CBS News decided to test the system upon which the government will entrust the sanctity of the ballot this November. And the U.S. Postal Service flubbed it.
This is not about gaming the system, or voter fraud, or stuffing the mail with fake ballots from illegal aliens. This is about the competency of the USPS to deliver official ballots sent through the mail on time, and to the right people. They proved that the 100 million or more Americans who plan to mail in their ballots should not expect their vote to be counted unless they mail it weeks prior to the election deadlines in each state.
And even then there’s no guarantee it will be processed and counted.
The parameters of the test were simple and straightforward. CBS mailed 100 ballots to locations across Philadelphia in an experiment to see how long it took the ballots to arrive. A post office box was set up to receive the returned ballots.
A few days later, another 100 ballots were mailed to another 100 locations in the city. The results should frighten Democrats who claim they are all about “every vote being counted.”
A week after initial ballots were sent, most ballots appeared to be missing from the P.O. box.
“I don’t see anything back there for you,” a postal worker told Dokoupil when he received the mail. “That’s all I have back there right now.”
After asking for a manager and explaining the situation to them, the votes were found.
“They had them somewhere else,” the postal worker said.
Ho-hum, well, no one is perfect. That’s the point, isn’t it?
The mysterious problems at the local post office also included missorted mail.
“We got a birthday card from Mike to Ronnie,” Dokoupil said, as he read a postcard mistakenly placed in “CBS This Morning’s” P.O. box. “Have a sweet b-day. Get it? There’s a bee on top.”
The postcard, along with another piece of missorted mail, was then sent to the correct recipient.
In the end, the tally of late, misdirected, and missorted mail should concern anyone interested in the integrity of our elections.
Out of the initial batch mailed a week earlier, 97 out of 100 votes had arrived.
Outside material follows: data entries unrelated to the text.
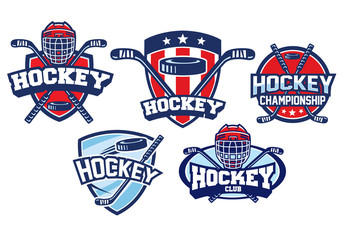 Naklejka premium hockey badge design set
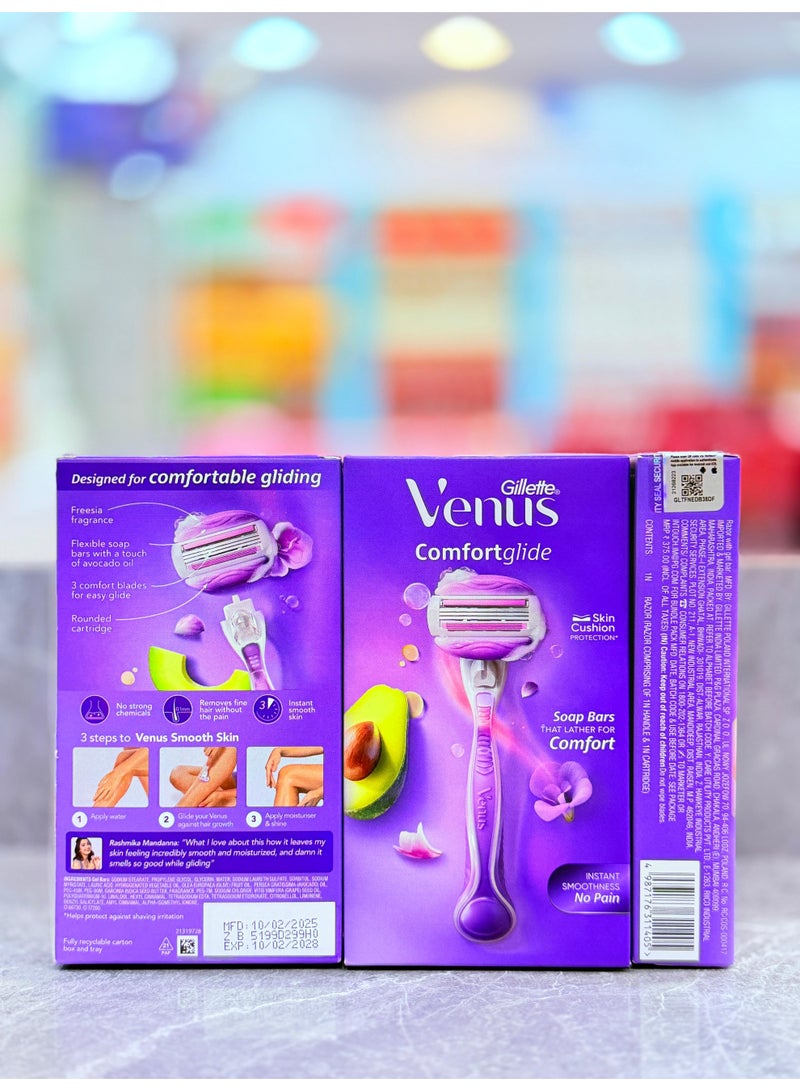 The Gillette Venus Comfort Glide women's razor is enriched with avocado oil and has a freesia fragrance.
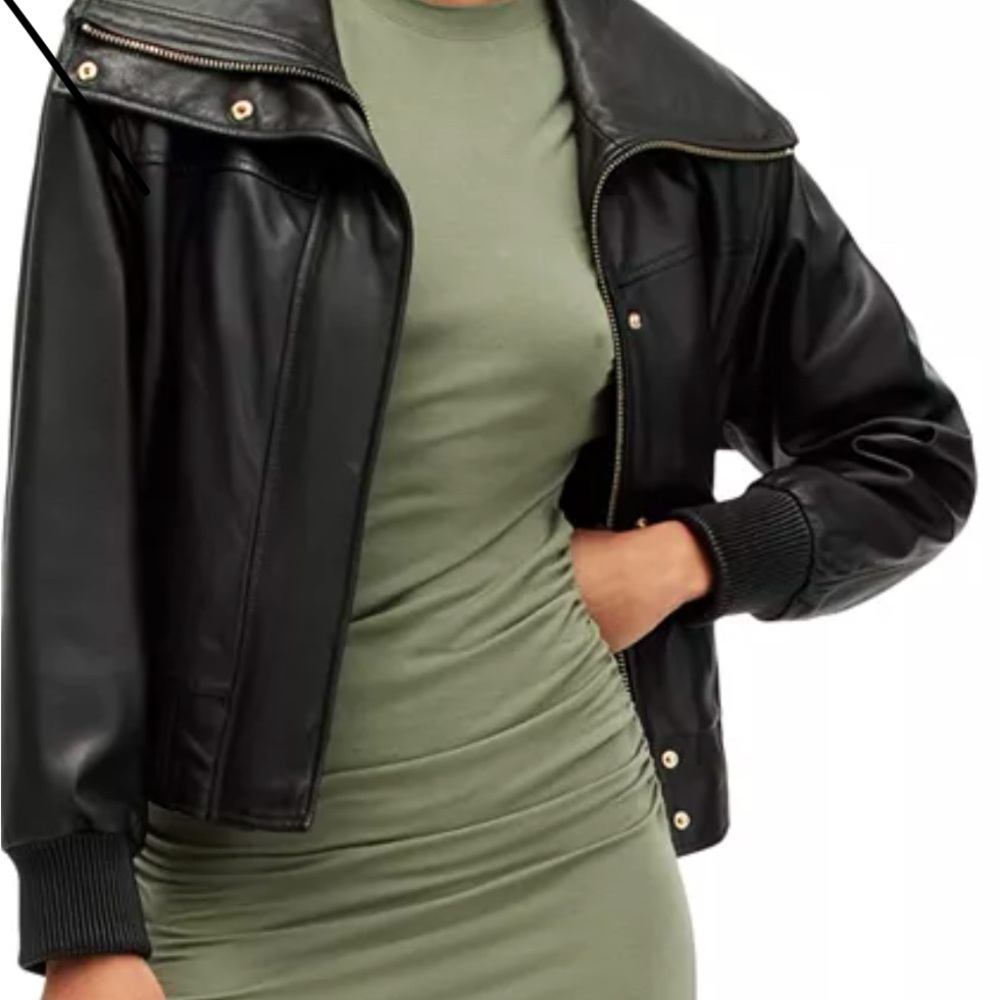 ALLSAINTS Etta Regular Fit Leather Jacket UK 6 US 2 NWT - Picture 5 of 15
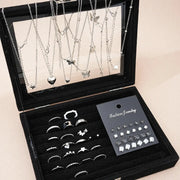 51 Piece Silver Color Chic Jewelry Set For Women With Butterfly Heart Pearl Necklaces Earrings And Rings To Match Outfits
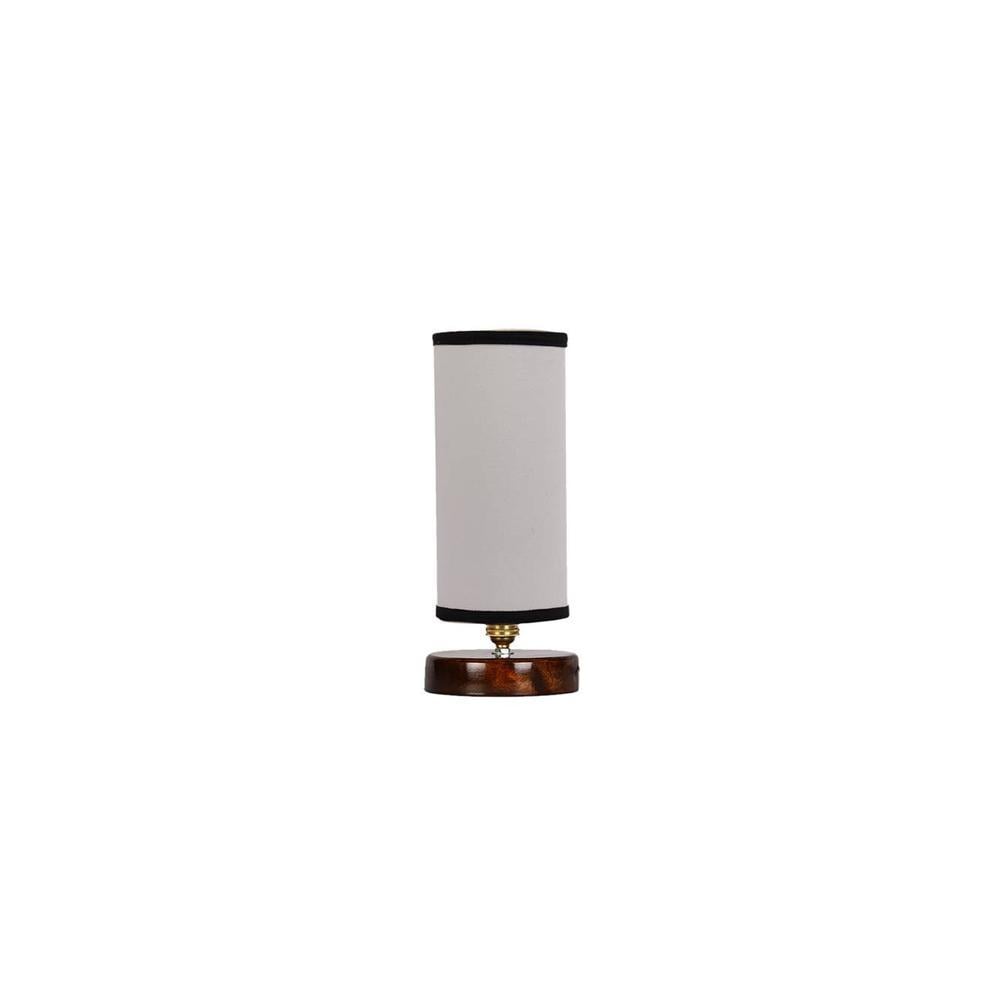 Sienna white & black cotton table lamp with brown wood base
Three simulated persons, or 3% of voters, were effectively disenfranchised by mail by giving their ballots a week to arrive. In a close election, 3% could be pivotal.
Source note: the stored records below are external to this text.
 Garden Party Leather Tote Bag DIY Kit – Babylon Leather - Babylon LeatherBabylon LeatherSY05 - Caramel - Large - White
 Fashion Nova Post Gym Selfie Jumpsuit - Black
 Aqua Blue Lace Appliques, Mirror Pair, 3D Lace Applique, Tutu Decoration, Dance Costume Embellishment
Four days after mailing the second batch of mock ballots, 21% of the votes hadn’t arrived.
According to Postal Service recommendations, “voters should mail their return ballots at least one week prior to the due date.”
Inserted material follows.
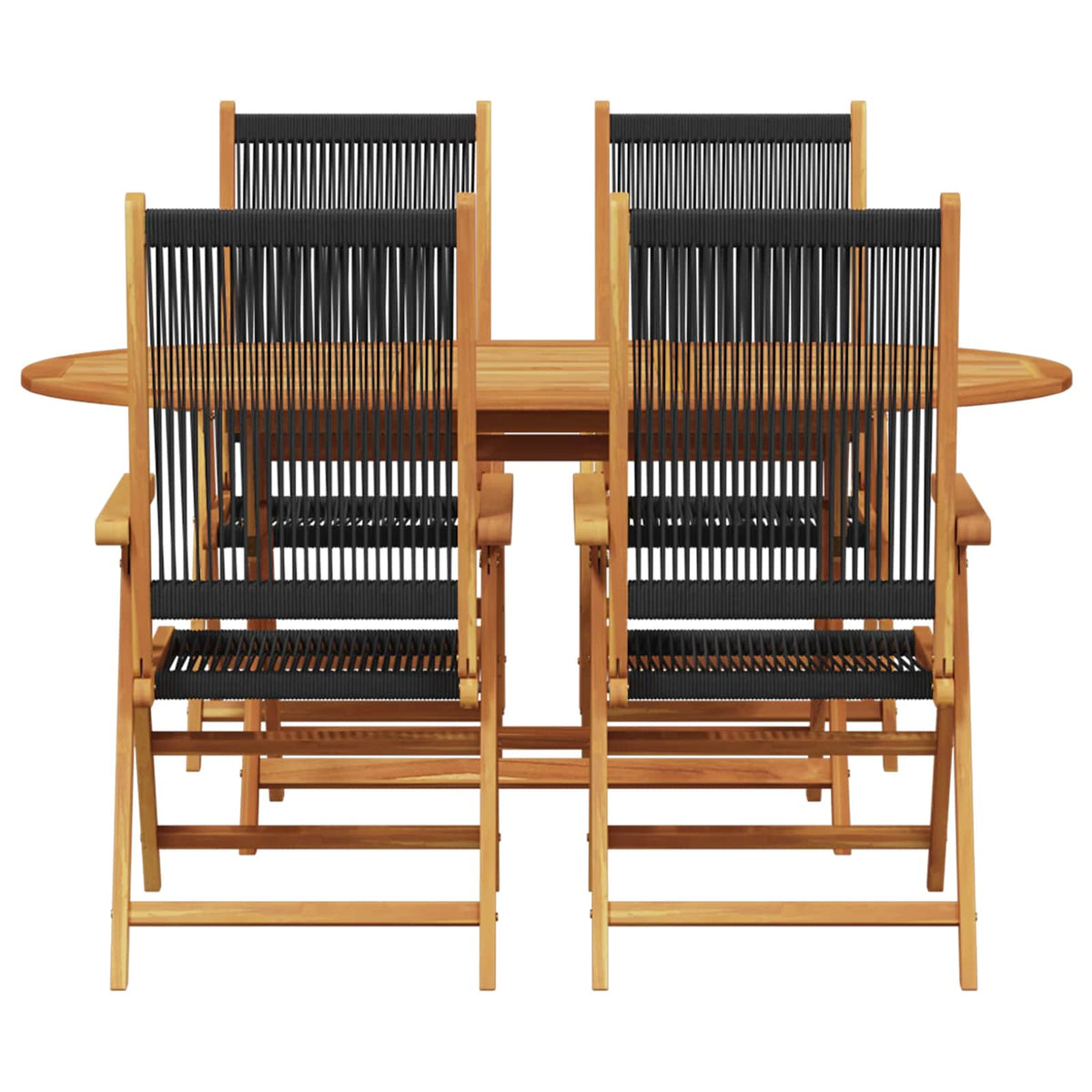 Garden Dining Set 5 pcs Black Solid Acacia Wood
However, nearly half of all states still allow voters to request ballots less than a week before the election.
Democrats who are pushing this notion that a mail-in election won’t be any different from an in-person election should listen to the voters who are far more grounded in reality.
“I’m scared that it might get lost in the mail,” potential voter Kim Tucker said. “I just want to make sure that my vote is submitted, like, I see that it’s submitted, that it actually counts.”
The November election is shaping up to be the mother of all clusterfarks. At every level — federal, state, and local — election officials are sounding the alarm. The system was not built to handle 120 million mailed ballots. Processing and protecting those ballots is beyond the abilities of almost every state.
The concern is not only over the integrity of the ballot. The avalanche of legal challenges to the results will almost certainly run for years and may even delay state and local legislatures from sitting.
Democrats will bring all of this on themselves. It’s a shame that the rest of us are going to suffer for their stupidity.